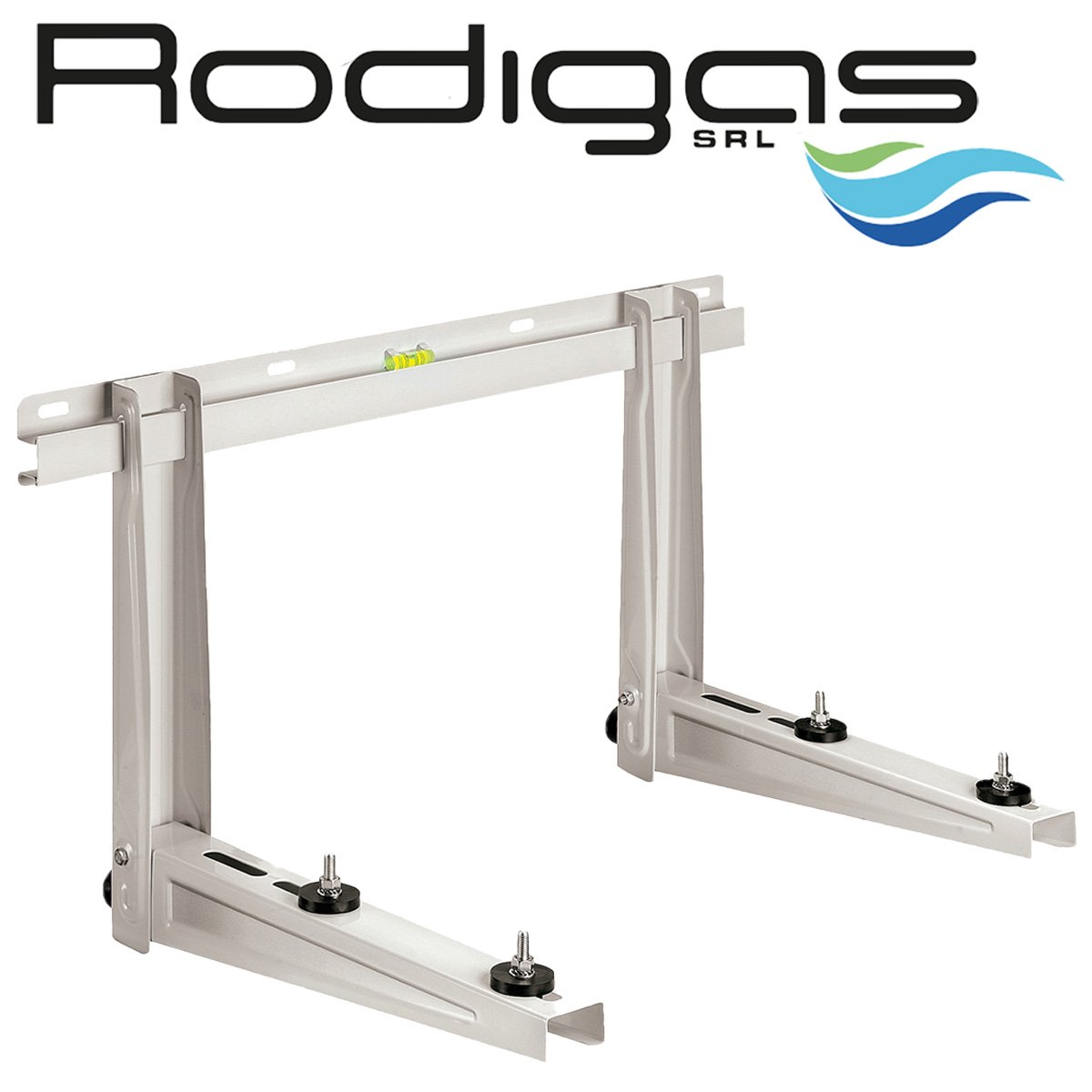 Rodigas Wandkonsole MS253 für Klimaanlagen 800x465 mm bis 140kg"" von RODIGAS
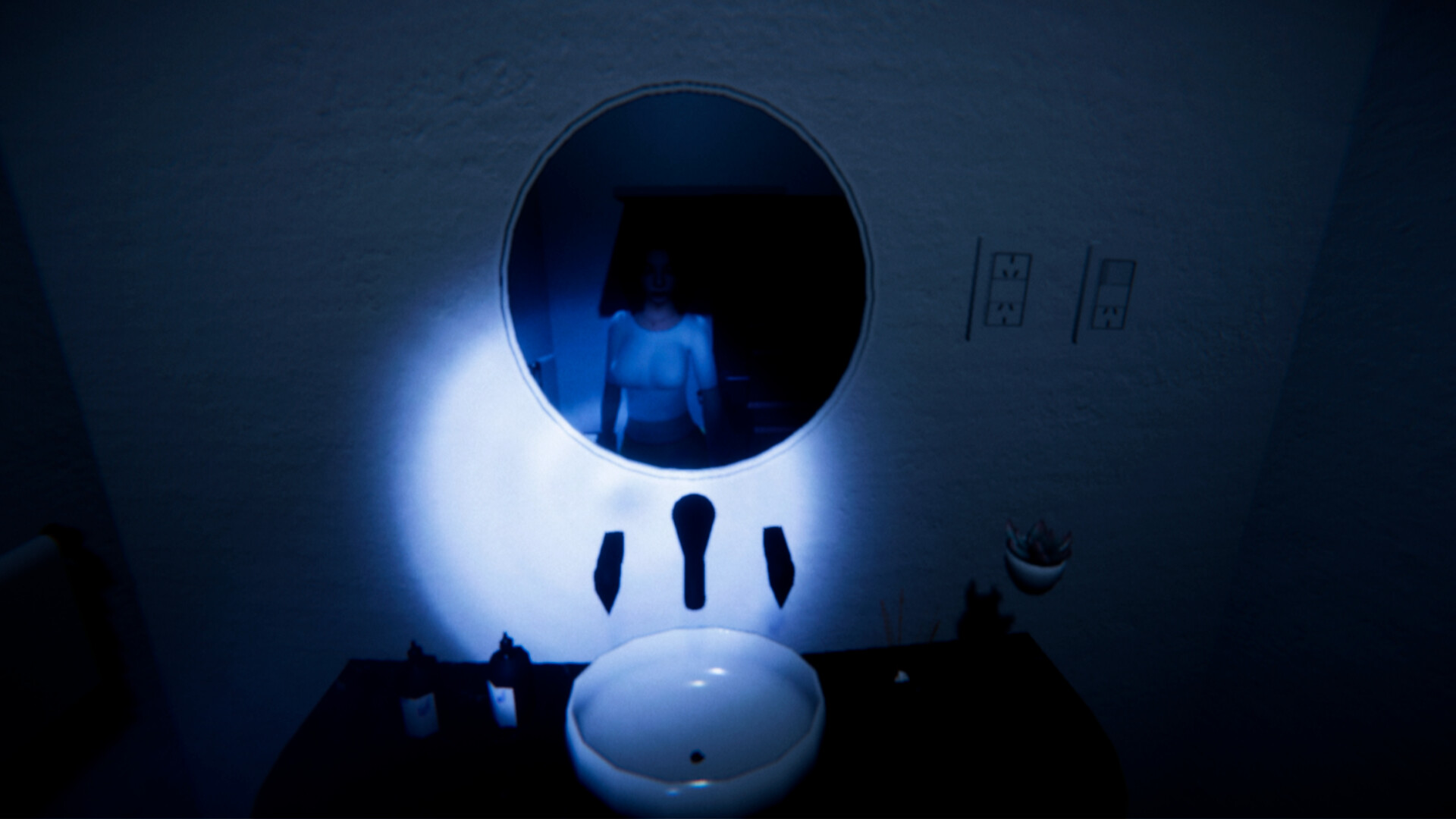 Silent Watcher screenshot 7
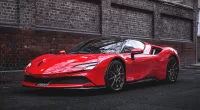 Jess Kitmont had to surrender his Ferrari to settle with the FTC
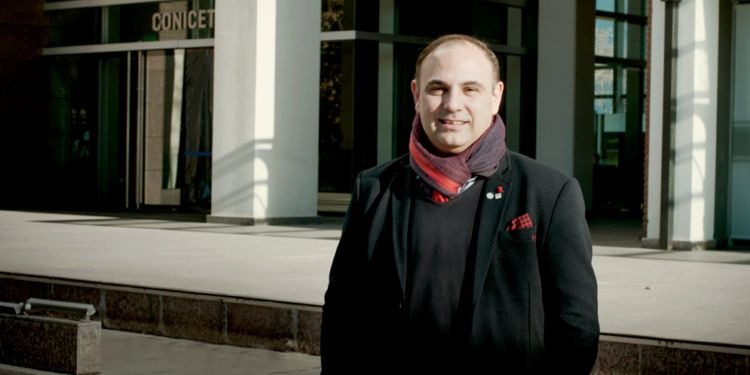 Ariel Pereda retorna a la Dirección Nacional del INTA tras dos meses de incertidumbre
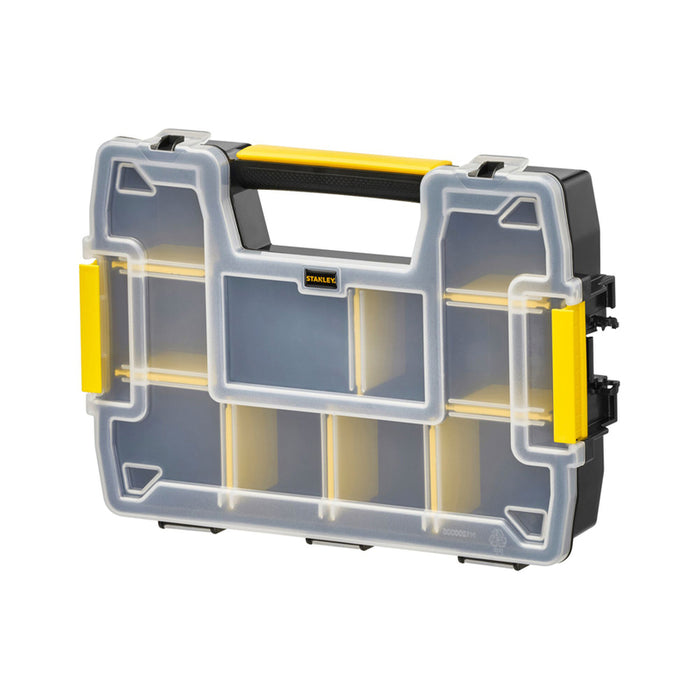 MOBILE TOOL CASE 2 PIECES STANLEY STST1-81320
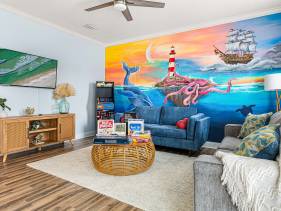 Ahoy Bay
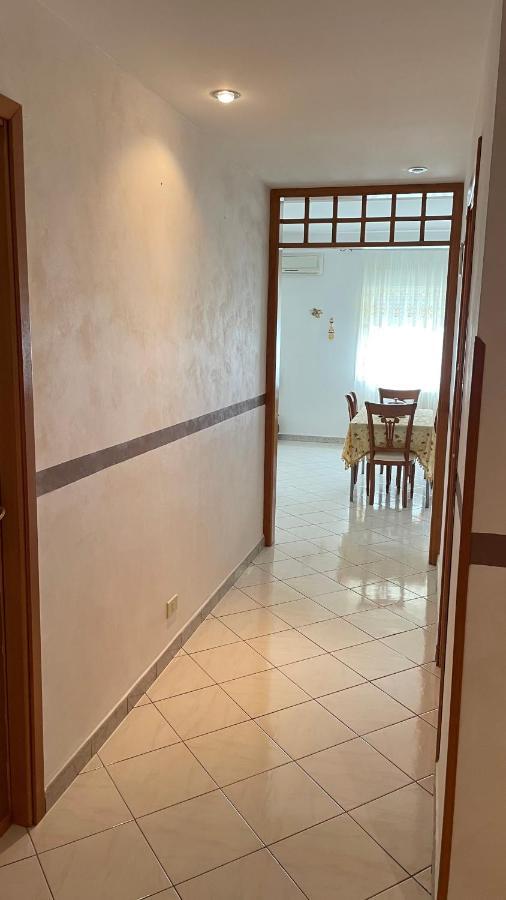 Appartamento Canalotto 65 2 Piano Realmonte Exterior foto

# # # #

→ Description of the task: Everything from the first line of the records through the line containing "MOBILE TOOL CASE" should be repeated exactly, with the pictures left out.

→ Result for this task:
 Rodigas Wandkonsole MS253 für Klimaanlagen 800x465 mm bis 140kg"" von RODIGAS
 Silent Watcher screenshot 7
 Jess Kitmont had to surrender his Ferrari to settle with the FTC
 Ariel Pereda retorna a la Dirección Nacional del INTA tras dos meses de incertidumbre
 MOBILE TOOL CASE 2 PIECES STANLEY STST1-81320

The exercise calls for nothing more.